Start of Data records

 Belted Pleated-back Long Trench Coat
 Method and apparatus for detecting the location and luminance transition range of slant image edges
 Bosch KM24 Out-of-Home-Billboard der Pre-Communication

End of Data records
Start of Data records

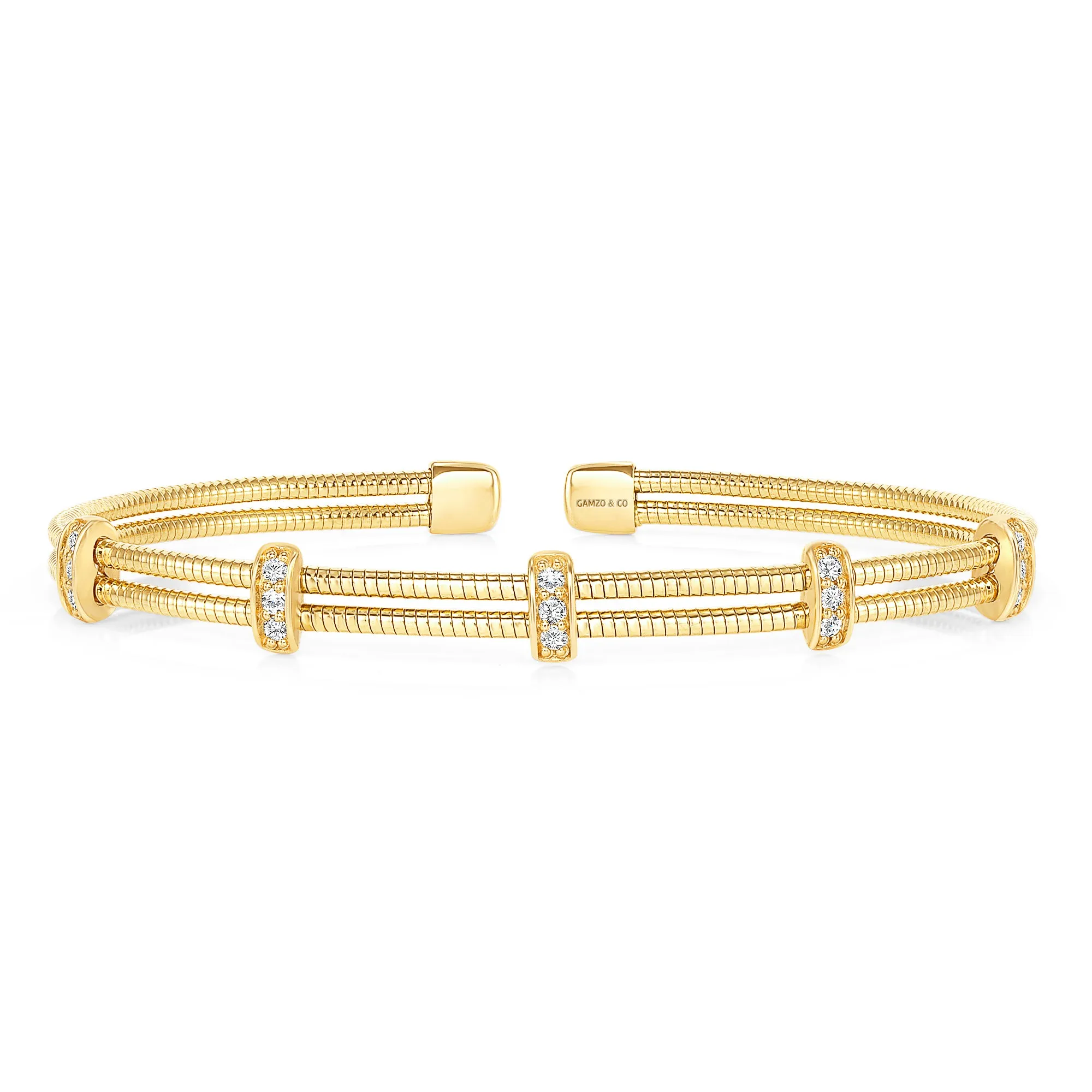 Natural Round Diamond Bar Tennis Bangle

End of Data records
Start of Data records

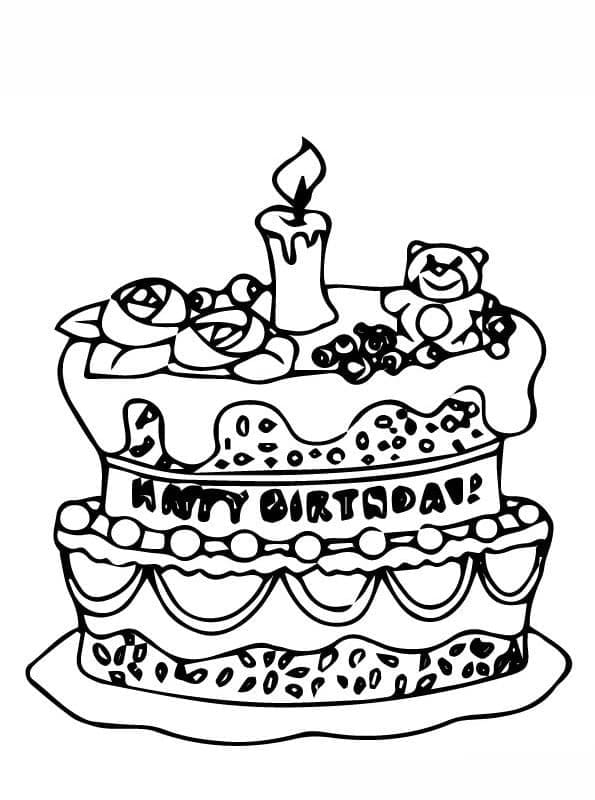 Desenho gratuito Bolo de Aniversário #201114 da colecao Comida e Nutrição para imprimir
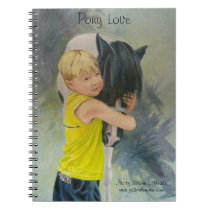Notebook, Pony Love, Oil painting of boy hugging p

End of Data records

▸ What you should do
Above are some lines. Repeat exactly, and only, those from the line that has "Belted Pleated-back Long Trench Coat" through the line that has "Bosch KM24 Out-of-Home-Billboard".

▸ Response to this exercise
 Belted Pleated-back Long Trench Coat
 Method and apparatus for detecting the location and luminance transition range of slant image edges
 Bosch KM24 Out-of-Home-Billboard der Pre-Communication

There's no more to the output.